# Inkscape und Digitaldruck



## jonesd (14. Januar 2006)

Hallo,
ein paar Fragen zu Inkscape:

Ich möchte ein Bild (sw) im individuellen Format im Copyshop drucken lassen.

Gibt es eine Möglichkeit die Abmessungen des Bildes individuell zu bestimmen?
(Wie zB. bei PS, wo man wenn man ein neues Dokument öffnet Hohe und Breite in cm einstellen kann.)

Wie kriege ich das Bild in ein Dateiformat gespeichert, mit dem der Copyshop klarkommt?

Habe schon versucht von Inkscape als .png zu exportieren, dann in PS als tif zu speichern. Die Qualität eines Testdrucks (mit meinem Drucker) war aber schlecht)

Ich komme mit Inkscape sonst gut klar, muß ich wegen og. Dinge auf Corel umsteigen, oder gibts da eine bessere Lösung?

Danke und Gruß, jonesd


----------



## Markus Kolletzky (14. Januar 2006)

Hallo,



			
				jonesd hat gesagt.:
			
		

> Habe schon versucht von Inkscape als .png zu exportieren, dann in PS als tif zu speichern.
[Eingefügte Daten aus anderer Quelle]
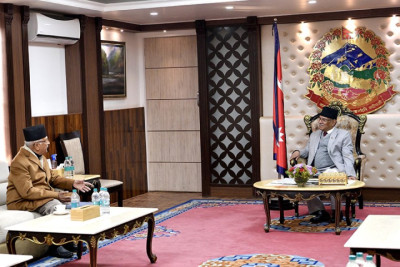 kp-prachanda-2_FjWN66jv4H-1672731550.jpg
Die Qualität eines Testdrucks (mit meinem Drucker) war aber schlecht)


Das ist klar, denn das *.png-Format ist überhaupt nicht für den Druck geeignet,
da es u.a. für die Darstellung im Web benutzt wird und somit stark komprimiert ist.
Welche Exportmöglichkeiten stehen Dir denn noch zur Verfügung?

Gruß


----------



## jonesd (14. Januar 2006)

Hallo,
ich kann in Inkscape speichern als svg, svgz, ps, eps, pov, oder tex und exportieren nur als png.
Gibt es evtl. ein kleines Hilfsprogramm, das Dateien konvertiert, oder so?

Danke und Gruß, jonesd


----------



## Markus Kolletzky (14. Januar 2006)

Also mit *.eps und *.ps kann Photoshop was anfangen.
Ich denke, wenn Du in Inkscape die Datei in o.g. Format speicherst, 
müßtest Du in Photoshop und der späteren Verarbeitung keine Probleme bekommen.

btw: Dein Copyshop kann dann sicher auch mit *.eps-Dateien umgehen können.


----------



## jonesd (14. Januar 2006)

Mit eps, ps in Photoshop...
Habs gerade ausprobiert- es klappt!
Die Druckqualität hat allerdings im Vergleich zum Ausdruck als svg in Inkscape trotzdem gelitten. Ziemlich treppige Linien und komischerweise sind Kreise gefüllt, die bei Inkscape, als svg ungefüllt ausgegeben werden?

Danke und Gruß, jonesd


----------